I particularly love how the book merges yogic consciousness with Christ consciousness. In answer to why Jesus turned water into wine, P. Y. said, ” Jesus was able to command the vibrations of life energy to assume different forms”. He stated that once a person can surpass delusionary realms, he will enter the state of Unity and become Omnipotent. He had the idea that Saints suffer physically, because the fate of the body is unimportant to an enlightened individual who is “absorbed in the Lord”.

I guess what I am trying to convey is that I am convinced all people hold within themselves the power to overcome this “delusionary realm” and be healed to some extent. I’m not saying we all have Christ’s power over nature, but I feel that the root of his message was to emphasize that you have to embrace the Universal Consciousness, God, or Oneness that we are all a part of. His short time here on Earth should encourage us to meditate, or pray….to unite with the ultimate in order to place our inner selves a little bit before our outer selves. The message was about love, the power of love, and universal divinity of love. Love the Lord with all your heart and soul and mind. Be love and kindness, and embrace it above all the other trivial rules and regulations you might come up with. Love rules us all.

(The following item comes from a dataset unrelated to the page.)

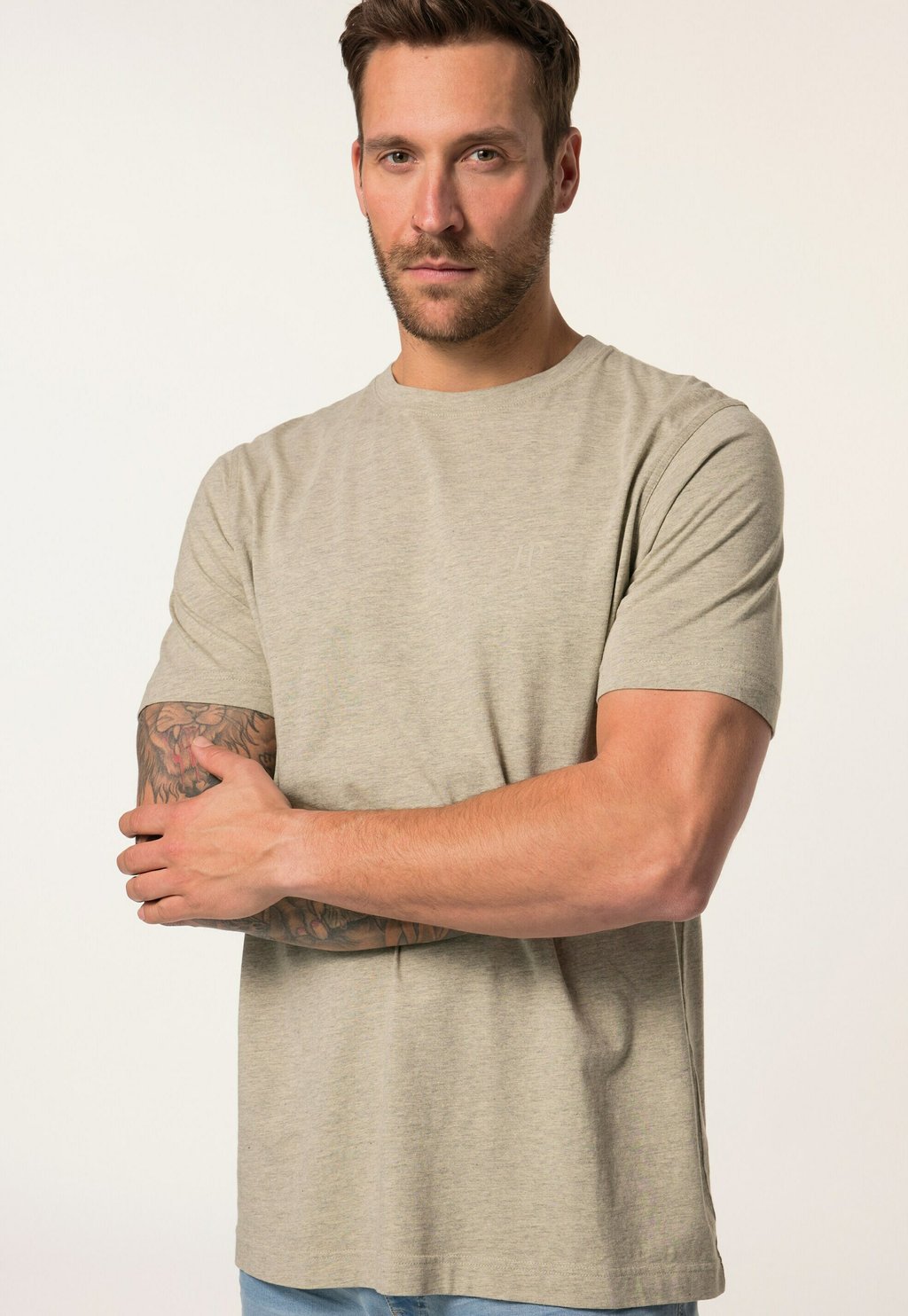 Базовая футболка DOPPELPACK RUNDHALS BEQUEME PASSFORM JP1880, красный
Базовая футболка DOPPELPACK RUNDHALS BEQUEME PASSFORM JP1880, красный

In the end, I do believe some people have conquered the minor physical restraints we experience as humans, and have become proficient in healing other people, if not with deeds, then also with words. When you hear about a faith healer, don’t immediately poo-poo the notion something miraculous might be going on. Miracles, or alterations in our understood physical realm, are possible. The thing you have to watch out for are people who use that as their only talent. In the words of P. Y, “Arouse in men the love of God. Don’t draw them to you by displays of unusual powers’. If I walked on fire and water, and filled every auditorium in the land with curiosity seekers, what good would come of it? See the stars, the clouds, and the ocean; see the mist on the grass. Can any miracle of man compare with these essentially inexplicable phenomena? Even so, few men are led through Nature to love God—the Miracle of all Miracles”.